▶ **Work instruction**
Among the entries below, retype exactly the lines starting with the one with "Carhartt Long Sleeve" and going on through the one with "Cream Celestial Martha Cardigan", but not the pictures.

▶ **Provided data**
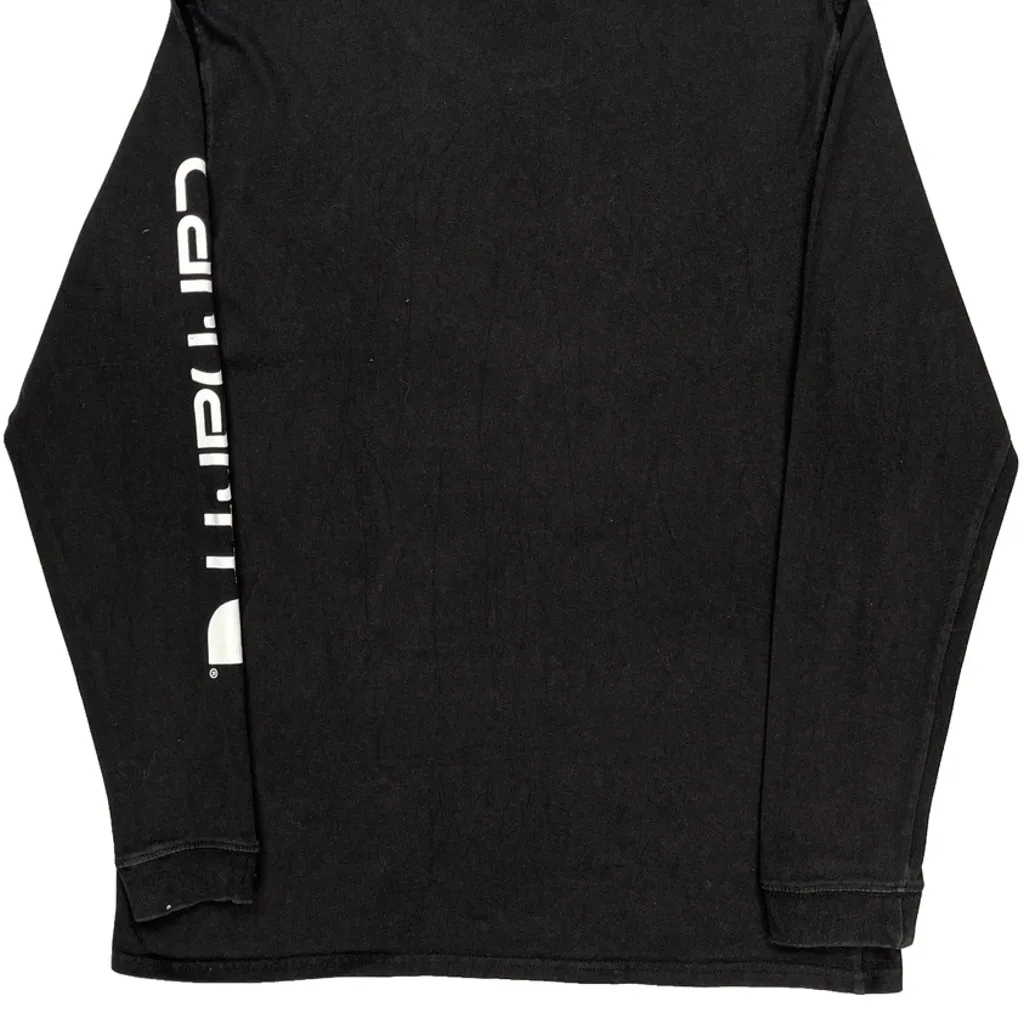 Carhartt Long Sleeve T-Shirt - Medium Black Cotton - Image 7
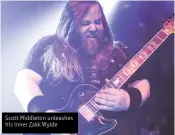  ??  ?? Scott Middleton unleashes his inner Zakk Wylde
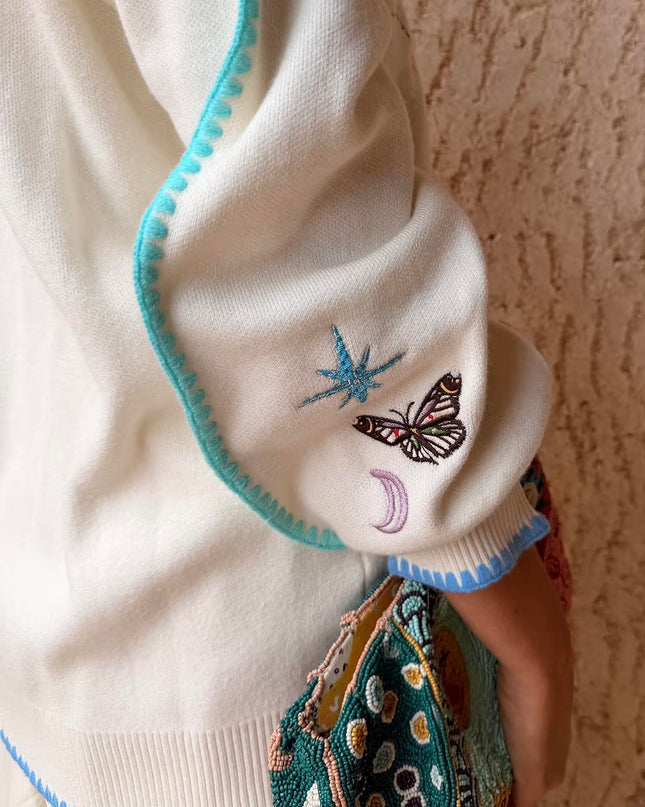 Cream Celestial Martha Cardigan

==

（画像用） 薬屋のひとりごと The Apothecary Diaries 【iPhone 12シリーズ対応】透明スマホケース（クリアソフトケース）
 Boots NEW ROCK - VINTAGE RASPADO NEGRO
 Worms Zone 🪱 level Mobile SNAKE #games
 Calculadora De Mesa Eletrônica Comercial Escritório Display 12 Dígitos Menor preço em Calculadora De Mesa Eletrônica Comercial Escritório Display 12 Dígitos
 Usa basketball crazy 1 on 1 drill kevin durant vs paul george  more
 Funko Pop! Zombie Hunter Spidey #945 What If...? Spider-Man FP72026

--

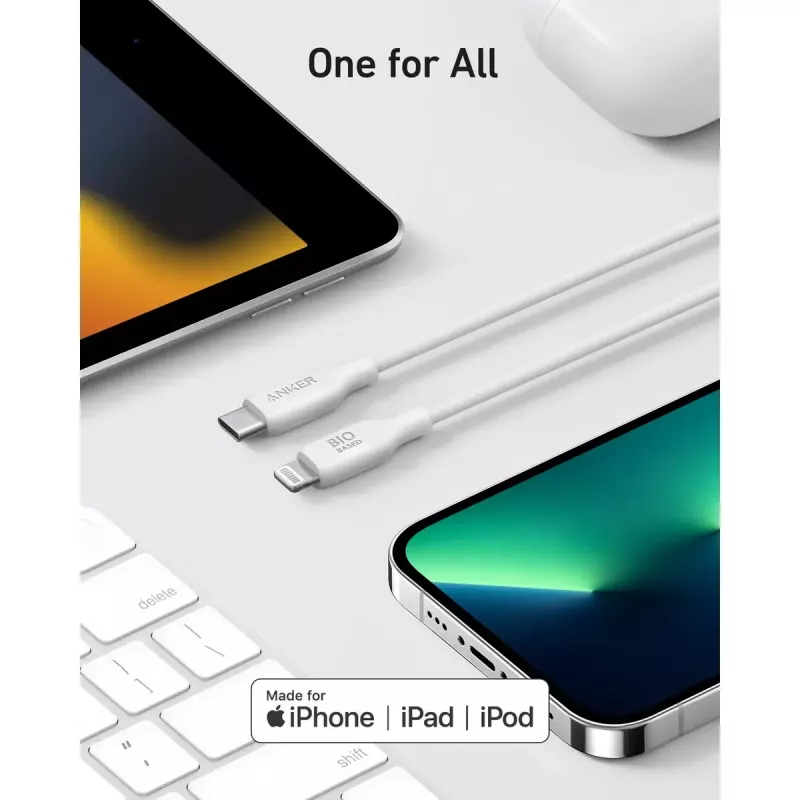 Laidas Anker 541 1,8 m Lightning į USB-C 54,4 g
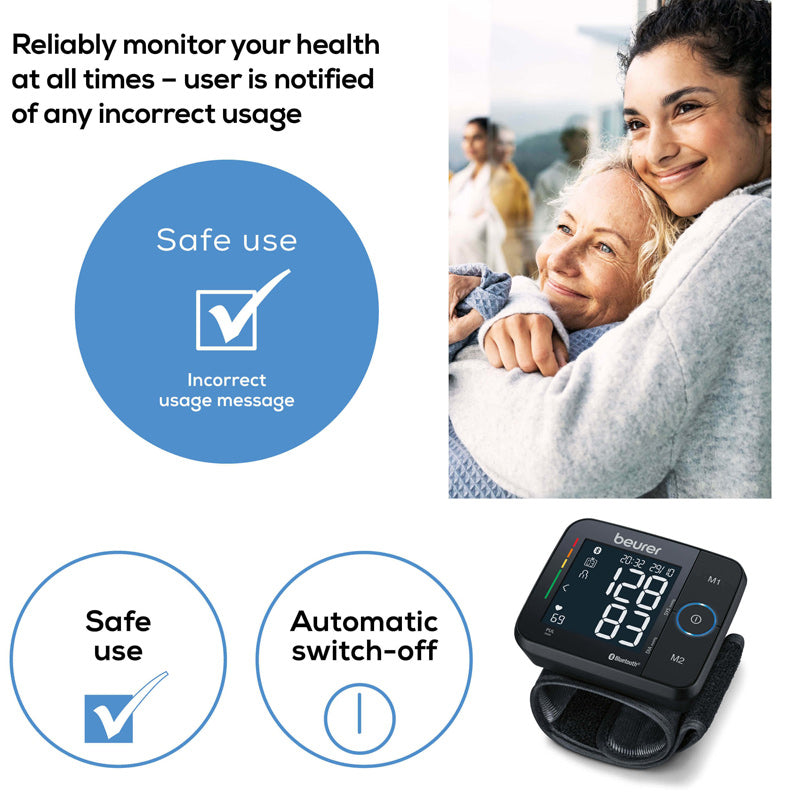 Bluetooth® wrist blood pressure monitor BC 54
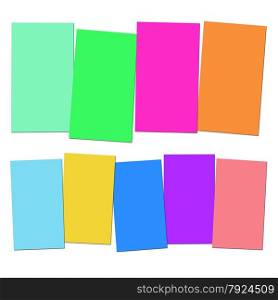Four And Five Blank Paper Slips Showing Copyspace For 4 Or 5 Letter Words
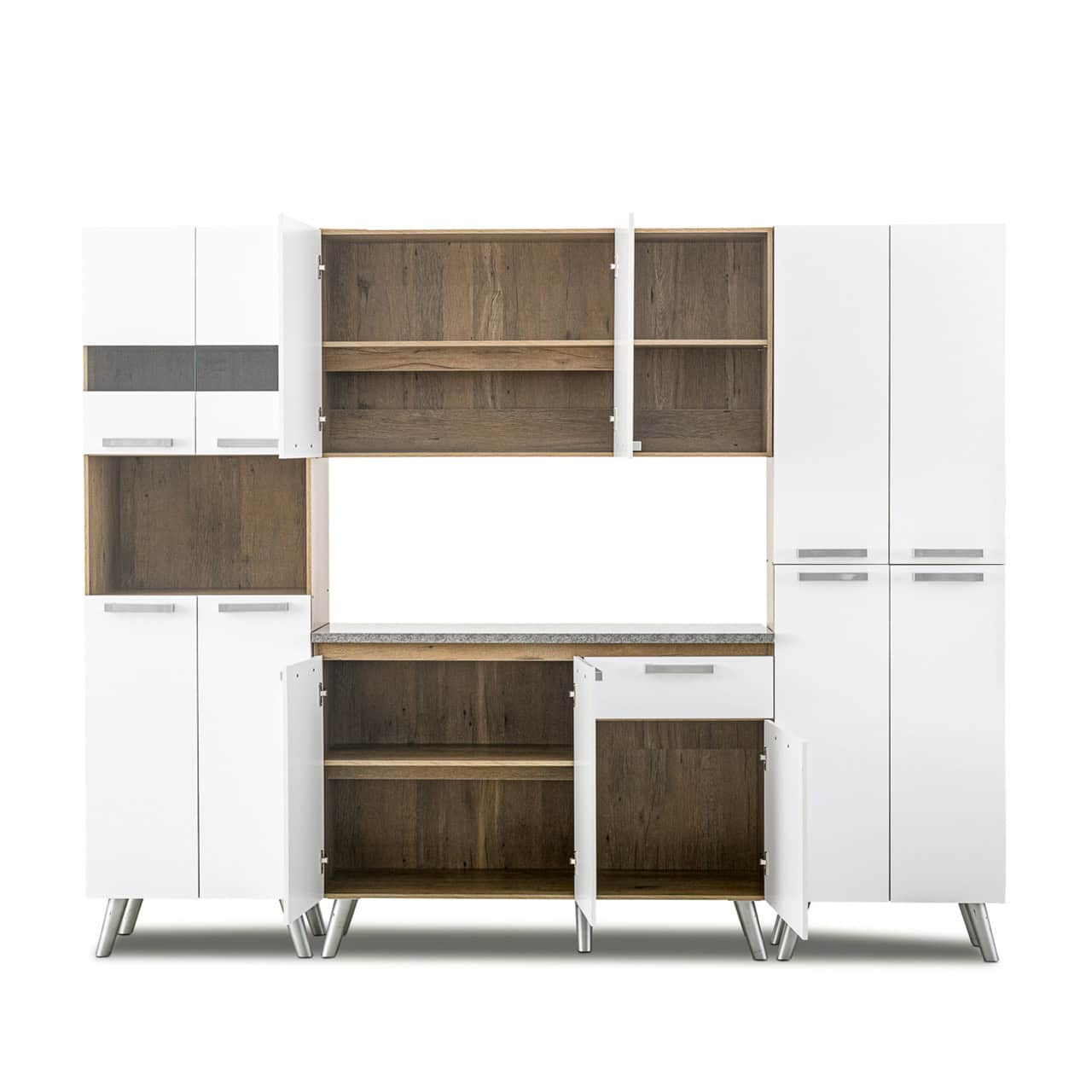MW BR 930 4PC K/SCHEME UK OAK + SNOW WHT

▶ **Exercise solution**
 Carhartt Long Sleeve T-Shirt - Medium Black Cotton - Image 7
  ??  ?? Scott Middleton unleashes his inner Zakk Wylde
 Cream Celestial Martha Cardigan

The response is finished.